But before turning to this subject, we must introduce a note of warning. The situation created by the NDA attack in the East is extremely serious. The NIF regime in Khartoum is absolutely exhausted at every level: politically, ideologically, militarily and financially.[30] The new war in the East is stretching its meagre resources to breaking point. Since for the reasons we have just seen the NDA is too embroiled in its own contradictions to deal Khartoum a quick death blow and re-establish some kind of order, the danger is great that progressive anarchy will develop in the gap between an exhausted government and a powerless opposition. Already, tribal clashes between the "Arab" Rizzayqat and the "African" Zaghawa have grown progressively worse in Dar Fur over the last six months.[31] There is a lot of confused fighting in southern Kordofan involving the GOS Army, two different Nuba groups, murahaleen militias,[32] the SPLA, Islamist militias and Missiriya tribesmen. In the South since the so-called "April 1996 Charter" a variety of SPLA dissident groups and tribal mini-organizations are "negotiating" with the GOS.[33] This means in fact that they are contributing to the spreading anarchy in the region. Often, as in the clashes between various sections of the Nuer and the Dinka, the GOS and the SPLA are not even involved any more. The local groups simply use the weapons that have been widely distributed by one side or the other (or even by both, each hoping to attract a given group to its side), to fight each other. The prize of the fighting is mostly cattle, a diminishing resource in view of the present drought.[34] Thus if the war does not end reasonably quickly (i.e. within six to eight months) the danger of progressive deterioration into virtual anarchy of the Somali model is considerable.

4. RENEWED WAR IN THE SOUTH

It is clear that Colonel John Garang is fully aware of the cicumstances outlined above. For a period (late December to late February) he had prioritized military action in the North and let the Southern front lie dormant. There were two advantages to such a policy: fighting in the North tended to be more threatening to the NIF regime than operations in the distant and almost colonial South; not acting in the South was a way to avoid reinforcing the cliché of "an attack on Islam" and thus causing the Arab world to support Khartoum. Recently, however, he switched his priorities and again went on the offensive between Juba and the Zairian border. His new offensive there took place in a very complex diplomatic and military situation.
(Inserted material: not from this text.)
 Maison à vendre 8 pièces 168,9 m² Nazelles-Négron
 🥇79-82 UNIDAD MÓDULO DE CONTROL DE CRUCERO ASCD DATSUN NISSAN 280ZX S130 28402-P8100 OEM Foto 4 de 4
Since September 1996 a major conflict had developed in the Northern and Southern Kivu Provinces of Zaire and by early 1997 it had spread northwards all the way to the Sudanese border.[35] Eventually, the corner where the three borders of the Sudan, Uganda and Zaire meet, near Kaya, was reached by the forces of the Alliance des Forces Démocratiques pour la Libération du Congo-Zaire (ADFL), led by Laurent-Désiré Kabila, operating in conjunction with elements of the Ugandan Army,[36] which had crossed into Zaire in hot pursuit of guerrillas who had attacked Ugandan territory on 14 November 1996. Kaya had been occupied by the SPLA between 1989 and 1993 and then retaken by the GOS Army. It was used as a supply point for the Lord's Resistance Army (LRA) and the West Nile Bank Liberation Front (WNLBF), two Ugandan guerrilla groups fighting the Kampala Government and closely sponsored by the GOS.[37] ADFL control of the Zairian side of the border meant that arms and supplies, which had previously come from GOS-held territory in Bahr-el-Ghazal through Chad, the Central African Republic and Zaire, could no longer pass through. The GOS had been forced to use this complicated and diplomatically sensitive route for two reasons: firstly, it had repeatedly failed to reconquer Western Equatoria, occupied by SPLA forces since 1989, and thus could not use the Wau-Tambura-Yambio-Maridi road; secondly, the much shorter itinerary from Juba through Yei was under constant attack from SPLA forces and a heavy convoy of supplies would have been certain to be a target. Thus crossing by way of foreign countries and re-entering Sudanese territory in Kaya was the only practicable supply route for the GOS-sponsored Ugandan guerrillas and at times even for the beleaguered GOS Army garrison in Yei.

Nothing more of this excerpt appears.